Parallel Harmonic Balance Method for the Analysis of Nonlinear Mechanical Systems

Abstract

The accurate prediction of nonlinear vibration phenomena remains a key challenge in modern turbomachinery and aerospace design, as lightweight and highly integrated structures are increasingly affected by geometric nonlinearities, modal interactions, and amplitude-dependent dynamics that cannot be captured by classical linear vibration models. Robust frequency-domain formulations combined with scalable numerical solvers are therefore required to address industrial-scale finite element analyses.

This work presents a parallel Harmonic Balance framework for the analysis of geometrically nonlinear elastic systems. Large deformations are modelled using a finite element formulation based on the Green–Lagrange strain tensor. The application of the Harmonic Balance Method leads to a nonlinear algebraic system solved using a Newton–Raphson algorithm embedded within a continuation strategy, allowing nonlinear frequency responses and nonlinear normal modes to be investigated in a unified manner. For the computation of nonlinear normal modes, an additional phase condition and a relaxation parameter are introduced to ensure uniqueness and convergence.
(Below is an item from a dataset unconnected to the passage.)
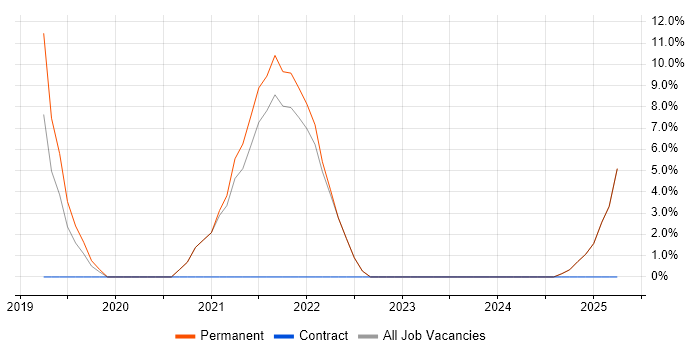 Job vacancy trend for QA in Motherwell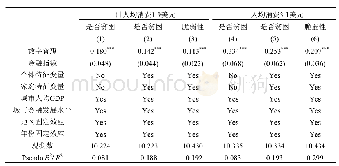 表2 数字普惠金融与居民贫困：Probit基准回归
In parallel, a rotating-frame formulation is developed for the analysis of rotating structures, enabling the computation of nonlinear Campbell diagrams.

The framework is implemented in the in-house pyHarm solver and subsequently deployed on Quanscient’s cloud-native multiphysics platform Allsolve, which relies on domain decomposition and distributed-memory linear solvers (MUMPS, PETSc) for large-scale parallel finite element simulations. Comprehensive numerical studies are carried out on academic benchmark structures as well as on an industrial fan-blade configuration. Nonlinear frequency responses, nonlinear normal modes, and Campbell diagrams are analysed, and an excellent agreement between the different descriptions is observed, confirming the physical consistency of the proposed methodology. Scalability analyses demonstrate efficient strong scaling behaviour up to 64 MPI processes, with computational performance primarily governed by matrix assembly and factorisation. The Alternating Frequency–Time formulation is compared with a direct frequency-domain evaluation of the nonlinear terms, and the impact of quadruple-precision arithmetic is investigated, highlighting a trade-off between numerical robustness and computational cost.

Overall, the proposed framework enables predictive and scalable nonlinear vibration analysis in the frequency domain, while also providing a consistent nonlinear rotating-frame formulation for the investigation of rotating aerospace structures.